Iterative Maximum Likelihood on Networks
leaning on networks
algebraic recursion relation
Statistics and Probability
We consider n agents located on the vertices of a connected graph. Each agent v receives a signal Xv(0)∼N(μ,1) where μ is an unknown quantity. A natural iterative way of estimating μ is to perform the following procedure. At iteration t+1 let Xv(t+1) be the average of Xv(t) and of Xw(t) among all the neighbors w of v. It is well known that this procedure converges to X (∞) = ½ |E|-1 ∑dvXv where dv is the degree of v. In this paper we consider a variant of simple iterative averaging, which models “greedy” behavior of the agents. At iteration t, each agent v declares the value of its estimator Xv(t) to all of its neighbors.
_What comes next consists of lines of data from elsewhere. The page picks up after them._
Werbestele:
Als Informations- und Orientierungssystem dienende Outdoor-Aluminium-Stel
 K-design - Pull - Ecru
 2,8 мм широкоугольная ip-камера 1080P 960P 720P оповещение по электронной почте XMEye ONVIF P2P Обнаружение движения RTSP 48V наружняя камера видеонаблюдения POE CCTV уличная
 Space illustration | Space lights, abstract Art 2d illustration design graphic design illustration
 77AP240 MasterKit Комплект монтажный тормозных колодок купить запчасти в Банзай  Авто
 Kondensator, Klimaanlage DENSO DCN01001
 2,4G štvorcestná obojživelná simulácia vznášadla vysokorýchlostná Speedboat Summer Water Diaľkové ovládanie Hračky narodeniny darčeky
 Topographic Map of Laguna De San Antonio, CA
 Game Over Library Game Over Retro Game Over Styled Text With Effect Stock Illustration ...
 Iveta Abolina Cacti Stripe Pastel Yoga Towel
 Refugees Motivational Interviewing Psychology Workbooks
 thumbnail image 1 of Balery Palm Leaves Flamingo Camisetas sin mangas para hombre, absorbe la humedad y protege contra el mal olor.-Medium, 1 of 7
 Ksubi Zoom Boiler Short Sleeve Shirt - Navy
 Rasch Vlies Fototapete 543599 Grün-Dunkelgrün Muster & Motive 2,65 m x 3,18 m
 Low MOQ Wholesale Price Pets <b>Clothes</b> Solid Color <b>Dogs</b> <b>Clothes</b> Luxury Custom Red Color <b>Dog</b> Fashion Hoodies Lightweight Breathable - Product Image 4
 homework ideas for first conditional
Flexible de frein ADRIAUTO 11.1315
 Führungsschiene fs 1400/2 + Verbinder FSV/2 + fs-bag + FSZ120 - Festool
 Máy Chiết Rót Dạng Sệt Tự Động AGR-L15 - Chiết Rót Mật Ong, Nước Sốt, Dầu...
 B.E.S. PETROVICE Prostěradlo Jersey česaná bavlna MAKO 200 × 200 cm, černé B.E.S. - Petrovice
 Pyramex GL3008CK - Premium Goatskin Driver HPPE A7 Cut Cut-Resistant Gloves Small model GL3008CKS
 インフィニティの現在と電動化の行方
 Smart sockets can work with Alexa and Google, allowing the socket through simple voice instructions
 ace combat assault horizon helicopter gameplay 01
Then, it updates Xv(t+1) by taking the maximum likelihood (or minimum variance) estimator of μ, given Xv(t) and Xw(t) for all neighbors w of v, and the structure of the graph. We give an explicit efficient procedure for calculating Xv(t), study the convergence of the process as t→∞ and show that if the limit exists then Xv(∞)=Xw(∞) for all v and w. For graphs that are symmetric under actions of transitive groups, we show that the process is efficient. Finally, we show that the greedy process is in some cases more efficient than simple averaging, while in other cases the converse is true, so that, in this model, “greed” of the individual agents may or may not have an adverse affect on the outcome. The model discussed here may be viewed as the maximum likelihood version of models studied in Bayesian Economics. The ML variant is more accessible and allows in particular to show the significance of symmetry in the efficiency of estimators using networks of agents.